WordPress has such a comprehensive installation, that almost everybody can install it. However as simple it is to install, as easy it is to omit some essential (security) steps. The standard WordPress installation is not impermeable to hacks. You do not need to panic, just take your time to read and understand this article.
To sum up in this article we explain how to install WordPress, configure it, secure it and install the essential (secure) plug-ins.
Take the following steps and you’ll never miss anything again.
Foreword about security
Before we start keep the key points of securing your WordPress blog:
- Limiting access: Making smart choices that effectively lower the possible entry points available to a malicious person.
- Containment: If a weak point in your installation is found by a malicious person, your system should be configured to minimize the amount of damage that can be done once inside your system.
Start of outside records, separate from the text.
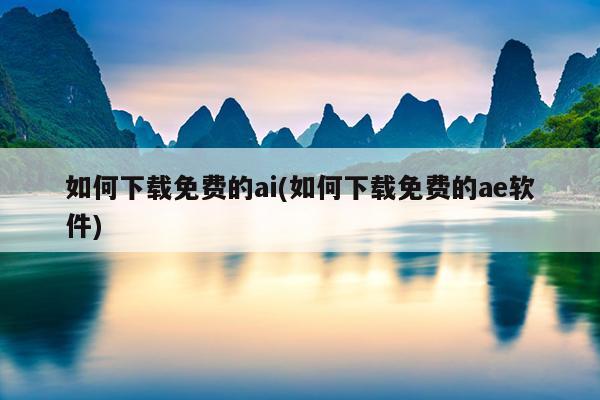 如何下载免费的ai(如何下载免费的ae软件)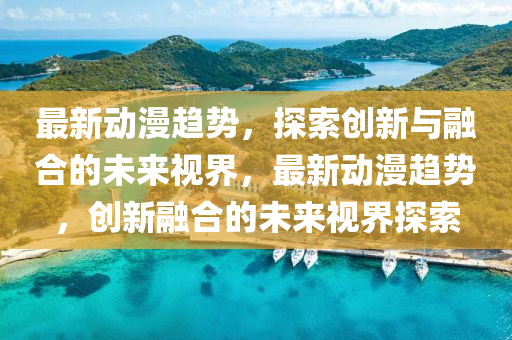 最新动漫趋势,探索创新与融合的未来视界,最新动中山市多米克自动化设备有限公司漫趋势,创新融合的未来视界探索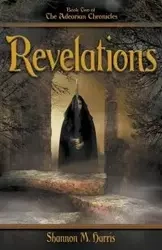 Adearian Chronicles - Book 2 - Revelations - Harris Shannon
- Knowledge: Keeping backups, knowing the state of your WordPress installation at regular time intervals, documenting your modifications all help you understand your WordPress installation.
Part 1: Install WordPress
First you need to download WordPress at WordPress.org. For those who do not have an FTP program try Filezilla it is good, open-source and free! Some hosting companies allow you to install WordPress in one click with Fantastico. Personally I do not recommend it. We will assume that you know how to extract WordPress and upload it to your server.
Even if there are tons of tutorial on how to install WordPress we made a quick one for you!
Download WordPress: http://wordpress.org/download/
Now visit wp-admin/install.php in your browser and follow the instructions. You should see something like the picture above. If you did not modify the wp-config-sample.php file WordPress will create one for you.
Now it’s time to search! Check your database name, username and password.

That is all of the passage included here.